**Study material**

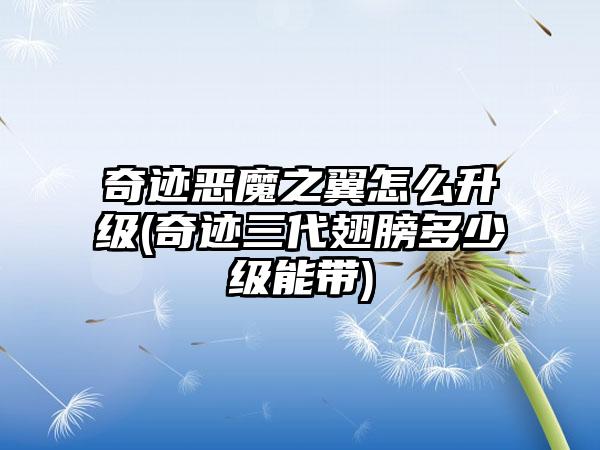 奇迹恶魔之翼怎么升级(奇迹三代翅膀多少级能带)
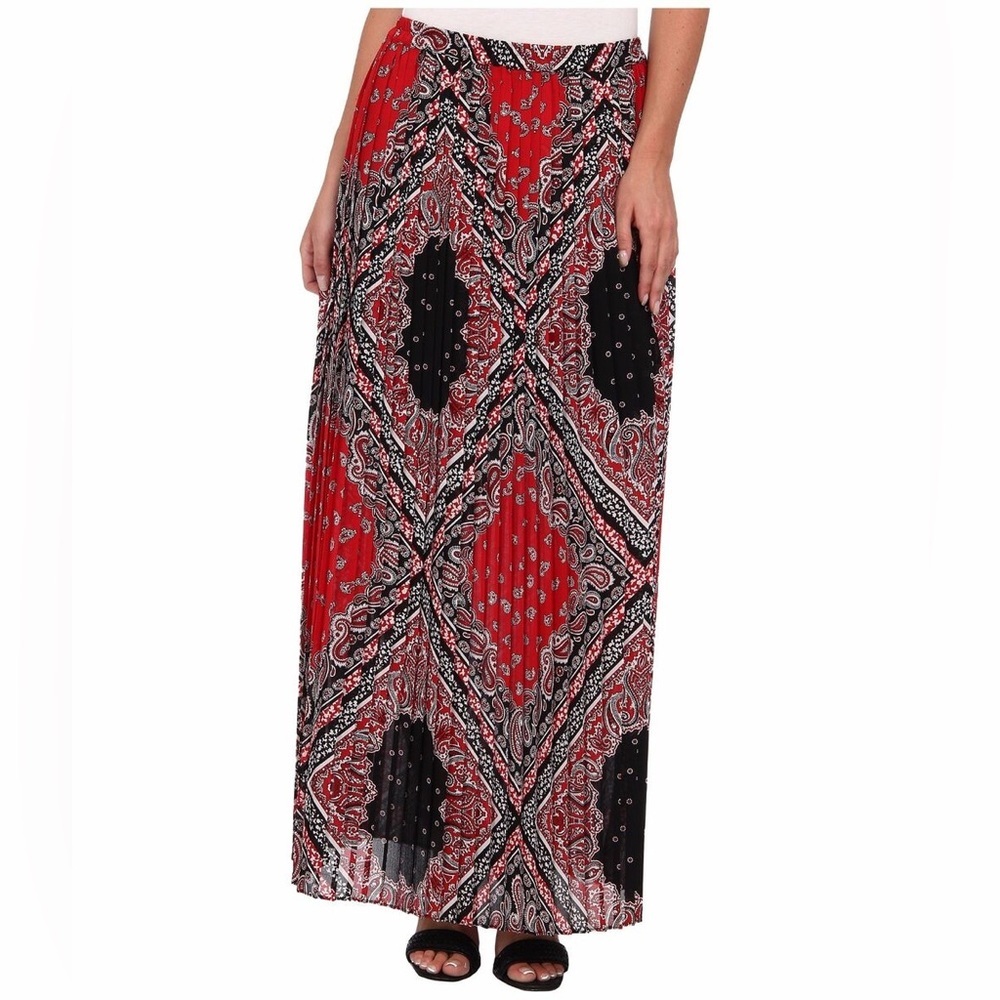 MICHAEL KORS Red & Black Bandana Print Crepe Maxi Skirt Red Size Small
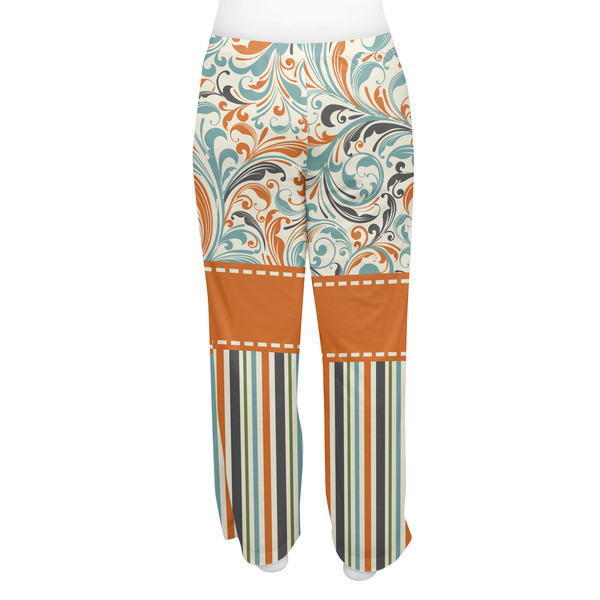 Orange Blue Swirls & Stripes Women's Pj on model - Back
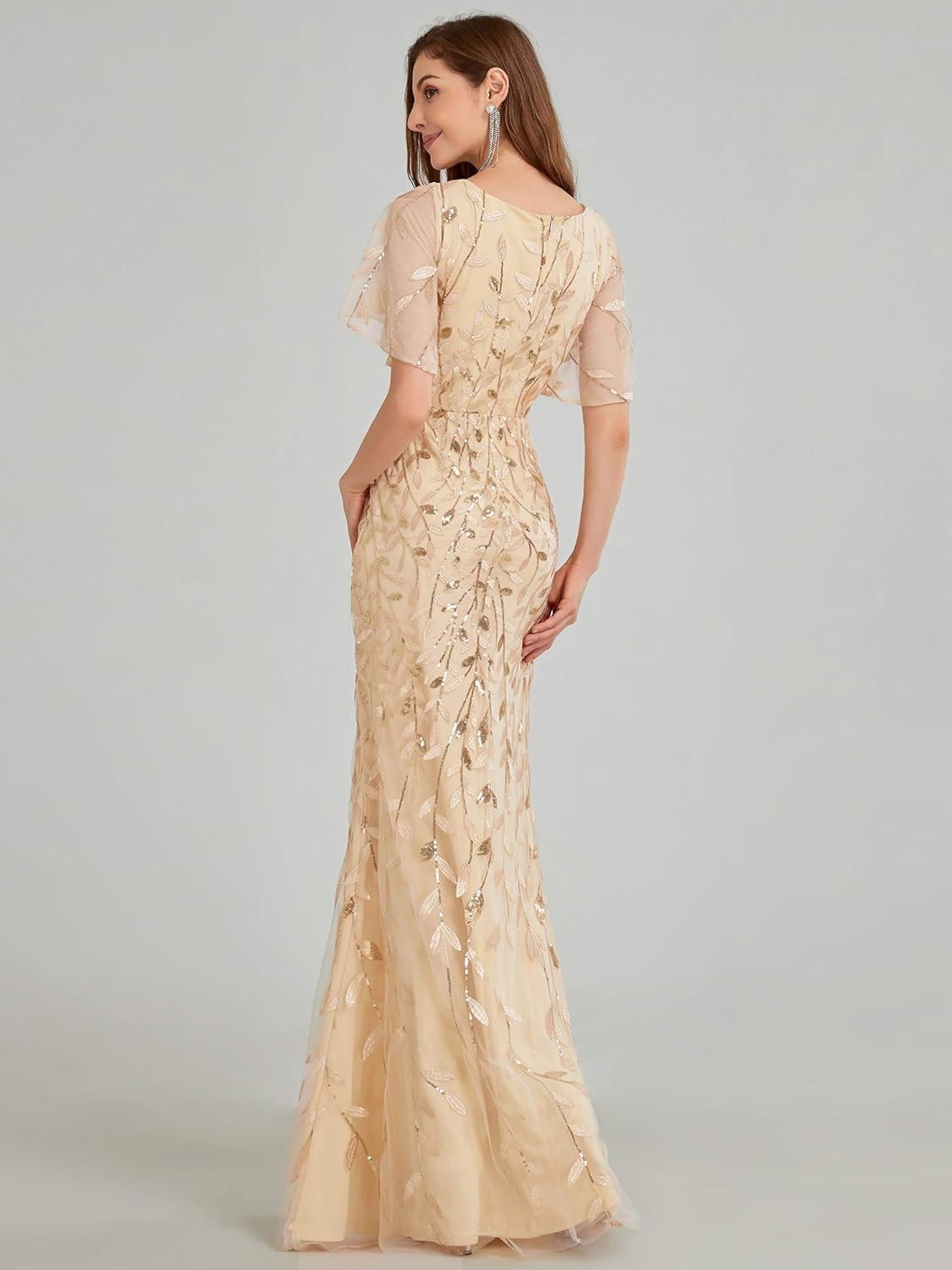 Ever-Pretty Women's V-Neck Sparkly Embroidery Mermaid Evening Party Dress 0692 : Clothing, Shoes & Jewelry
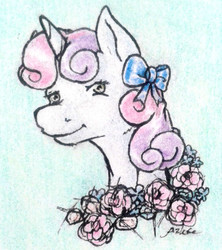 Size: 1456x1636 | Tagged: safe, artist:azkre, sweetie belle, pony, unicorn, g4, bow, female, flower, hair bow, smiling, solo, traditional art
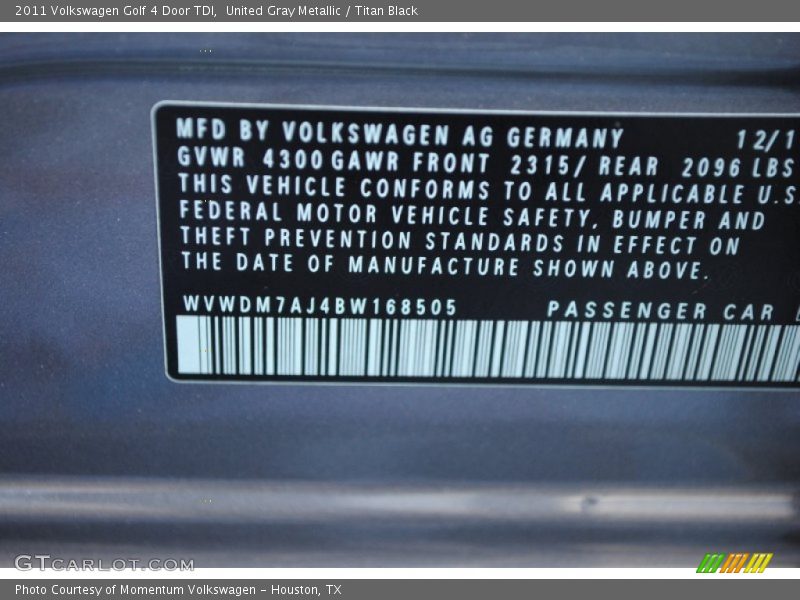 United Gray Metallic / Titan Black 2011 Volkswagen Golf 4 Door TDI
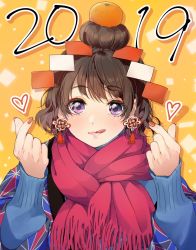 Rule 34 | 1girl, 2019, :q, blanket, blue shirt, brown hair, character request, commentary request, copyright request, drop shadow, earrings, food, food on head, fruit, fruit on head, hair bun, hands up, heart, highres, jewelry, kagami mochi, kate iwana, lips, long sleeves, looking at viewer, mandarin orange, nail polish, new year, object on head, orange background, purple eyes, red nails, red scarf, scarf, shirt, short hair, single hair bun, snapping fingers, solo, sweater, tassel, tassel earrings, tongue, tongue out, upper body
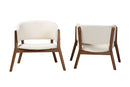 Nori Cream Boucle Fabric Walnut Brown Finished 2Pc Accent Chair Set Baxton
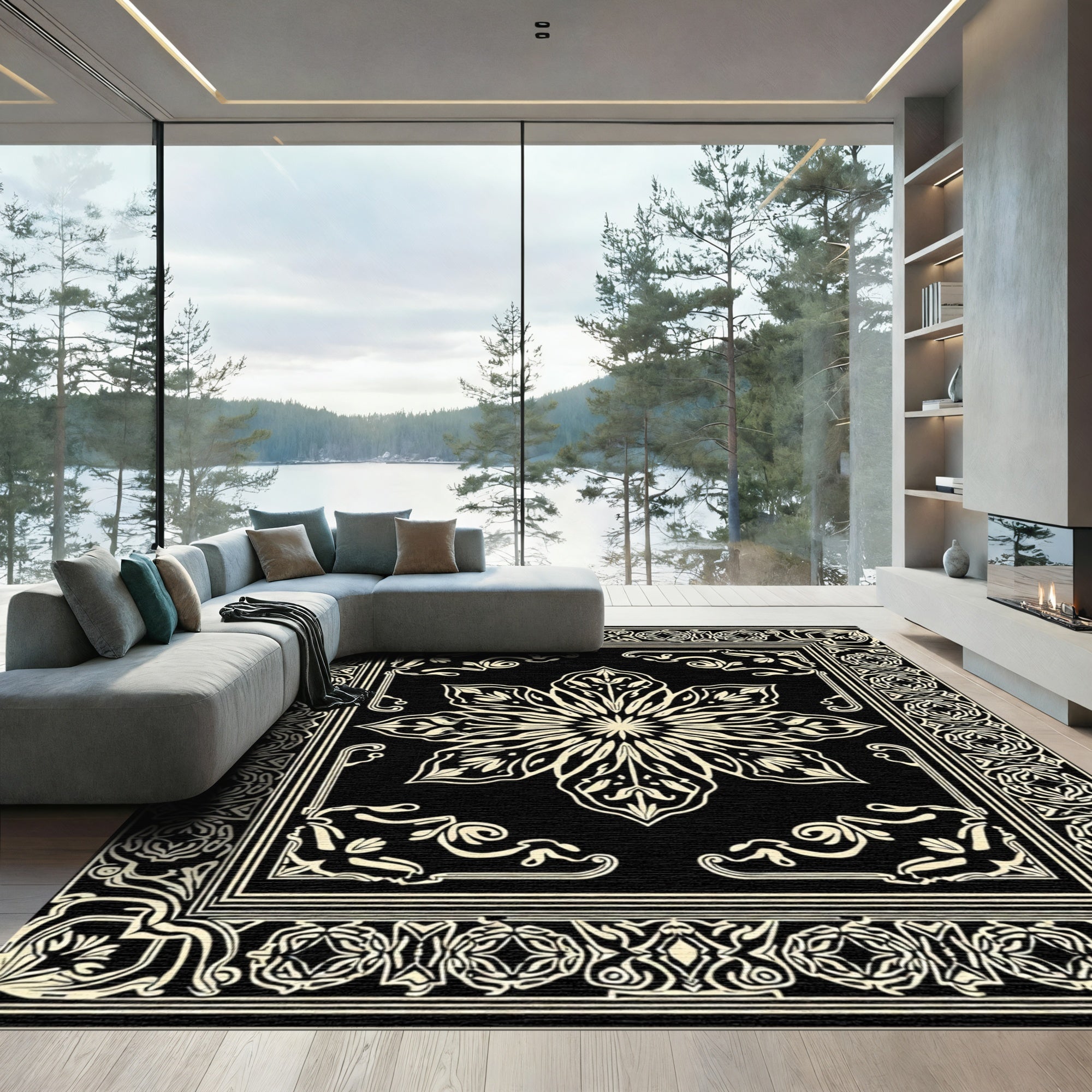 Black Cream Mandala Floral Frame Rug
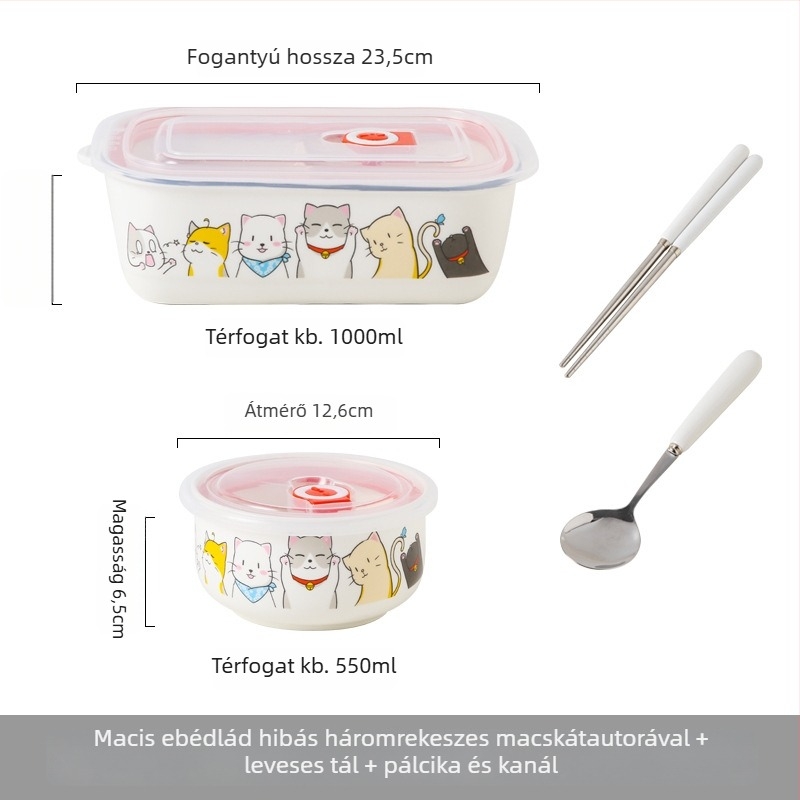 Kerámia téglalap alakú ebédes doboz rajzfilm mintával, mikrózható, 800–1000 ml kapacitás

**Exercise requirements**
Pictures are to be dropped, and every record is to be copied exactly.

**Response to this exercise**
 奇迹恶魔之翼怎么升级(奇迹三代翅膀多少级能带)
 MICHAEL KORS Red & Black Bandana Print Crepe Maxi Skirt Red Size Small
 Orange Blue Swirls & Stripes Women's Pj on model - Back
 Ever-Pretty Women's V-Neck Sparkly Embroidery Mermaid Evening Party Dress 0692 : Clothing, Shoes & Jewelry
 Size: 1456x1636 | Tagged: safe, artist:azkre, sweetie belle, pony, unicorn, g4, bow, female, flower, hair bow, smiling, solo, traditional art
 United Gray Metallic / Titan Black 2011 Volkswagen Golf 4 Door TDI
 Rule 34 | 1girl, 2019, :q, blanket, blue shirt, brown hair, character request, commentary request, copyright request, drop shadow, earrings, food, food on head, fruit, fruit on head, hair bun, hands up, heart, highres, jewelry, kagami mochi, kate iwana, lips, long sleeves, looking at viewer, mandarin orange, nail polish, new year, object on head, orange background, purple eyes, red nails, red scarf, scarf, shirt, short hair, single hair bun, snapping fingers, solo, sweater, tassel, tassel earrings, tongue, tongue out, upper body
 Nori Cream Boucle Fabric Walnut Brown Finished 2Pc Accent Chair Set Baxton
 Black Cream Mandala Floral Frame Rug
 Kerámia téglalap alakú ebédes doboz rajzfilm mintával, mikrózható, 800–1000 ml kapacitás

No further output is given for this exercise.